In the middle of our camper wiring. A bunch of questions have come up; hoping you can help.

Our system has 300Ah of lithium batteries, 30 amp shore power connection to a Victron 2000W inverter/charger, Victron MPPT solar controller, Sterling B-B charger. I am wiring a small Siemens AC panel to distribute the AC power to our loads. DC loads go through a Blue Sea fuse panel.

I am mounting most of the electrical components on the driver's side garage wall (under the bed), except for the B-B charger.

So, here are my questions.

I am using 10ga (B/W/G) stranded AC wire from Ancor. Having a hard time to get a clean connection at the AC outlets as the strands fan out. Worried that a good proportion of the strands aren't carrying current. Tips or tricks? Can I crimp a spade connector to ensure a robust connection?

I have a Victron 712 BMS and the solar controller has an iPhone app to keep track of solar power. The Victron inverter/charger literature mentions a website that can be used to track or control the device but no Bluetooth connection. The inverter is mounted in the van garage, with easy access from outside. How often do you need to change settings? Would you recommend the Victron remote panel?

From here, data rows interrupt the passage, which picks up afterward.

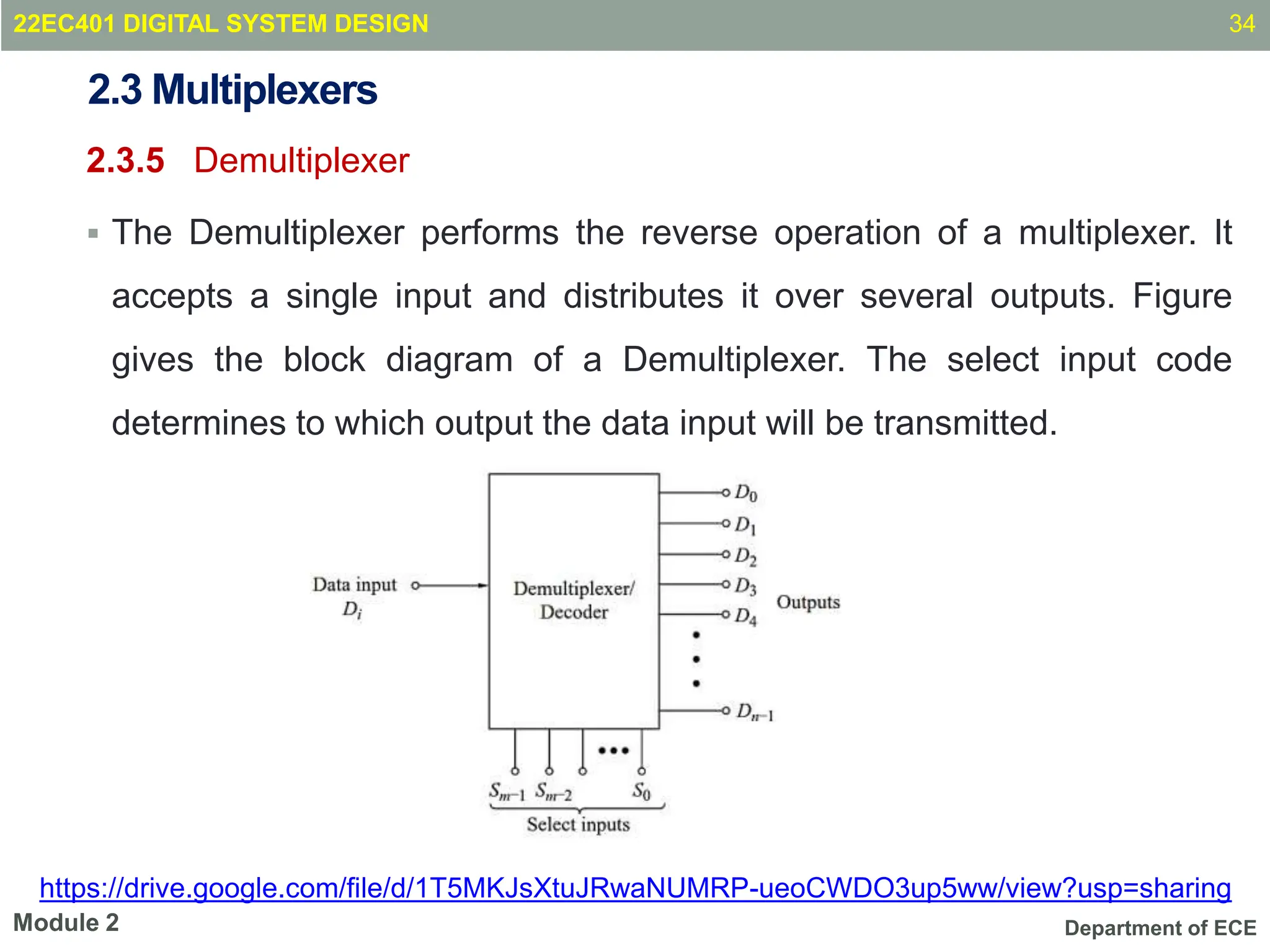Department of ECE
2.3 Multiplexers
2.3.5 Demultiplexer
 The Demultiplexer performs the reverse operation of a multiplexer. It
accepts a single input and distributes it over several outputs. Figure
gives the block diagram of a Demultiplexer. The select input code
determines to which output the data input will be transmitted.
34
Module 2
22EC401 DIGITAL SYSTEM DESIGN
https://drive.google.com/file/d/1T5MKJsXtuJRwaNUMRP-ueoCWDO3up5ww/view?usp=sharing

How often do you need to access the main battery shutoff switch? I have access from the main cabin but not so easy to get to. My thought was that the fuses protect for emergencies and the shutoff switch is for maintenance only. Other thoughts?

How often do you need to access the Sterling B-B charger? I am assuming not very often and plan to mount it in back of a cabinet near the driver's seat.

What have others used for a high quality 12VDC receptacle? We will have them scattered throughout the van, for refrigerator, chargers, fan, etc... I want one that is durable and easy to install; recommendations for surface mount and flush mount would be appreciated.

Any recommendations for quality dimmable DC switches for LED lights?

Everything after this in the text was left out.